Marco Ferreri – Le cinéma ne sert à rien

La postérité tapageuse que lui a valu La Grande Bouffe, pamphlet définitif contre la société de consommation et scandale retentissant en 1973 à Cannes et au-delà, a quelque peu occulté le cinéma de Marco Ferreri, l’un des réalisateurs majeurs de son époque, critique féroce et non dénué d’humour (noir) du monde contemporain. C’est dire si l’essai que lui consacre aujourd’hui Gabriela Trujillo arrive à point nommé pour éclairer une oeuvre généralement mal connue. Le parcours de l’auteur de Dillinger est mort et autre Rêve de singe, l’historienne du cinéma l’aborde chronologiquement avant de procéder par coupes transversales dans sa filmographie. Et d’envisager son cinéma désespéré sous l’angle de l’aliénation et de ses modalités, ou encore du couple  » comme hypothèse et comme aporie« , quand elle ne questionne pas Ferreri et le féminisme – » Au long des films, on devine surtout la haine du réalisateur pour le rôle historique que la société attribue à la femme« -, avant d’ausculter la  » crise de la masculinité » à l’oeuvre dans son cinéma.

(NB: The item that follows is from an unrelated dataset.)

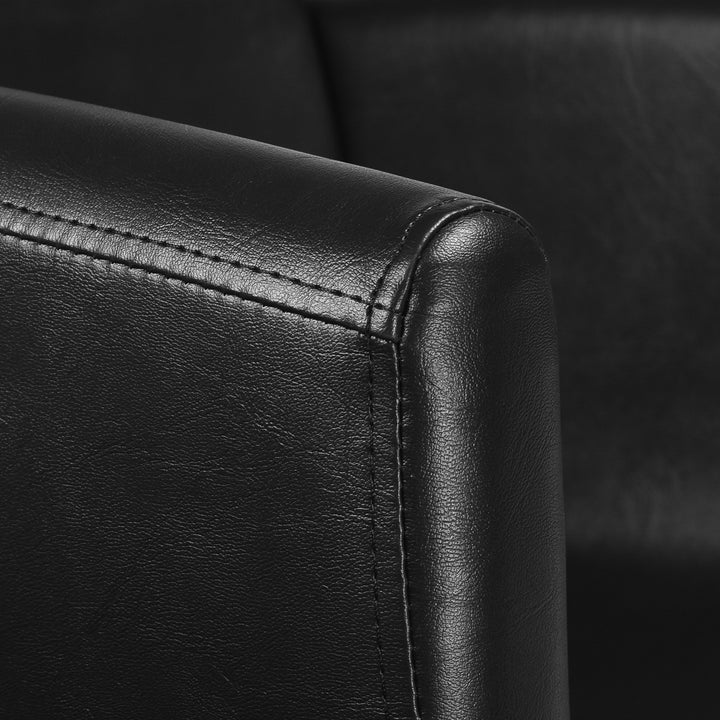 Friseurstuhl Gabbiano Mataro Schwarz-Schwarz - Bild 6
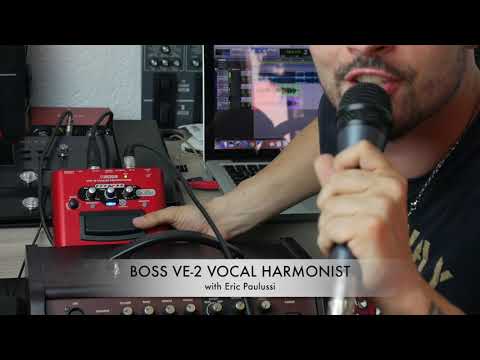 BOSS VE-2 voice harmonist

Soit un ouvrage fouillé, s’attardant encore sur ses collaborations privilégiées -le scénariste Rafael Azcona, ou Ugo Tognazzi, l’un de ses acteurs fétiches, au même titre que Piccoli et Mastroianni- ou quelques-unes de ses figures-clés, histoire de se convaincre avec l’autrice que  » s’il est une urgence à notre époque, c’est bien celle de (re)découvrir la portée critique et politique, existentielle et révolutionnaire des films de Marco Ferreri. Et, à travers eux, le cri de défaite de l’homme moderne, le bouleversement des liens entre les sexes au cours d’un XXe siècle hanté par l’absurde et la peur de l’anéantissement ».

De Gabriela Trujillo, éditions Capricci, 168 pages.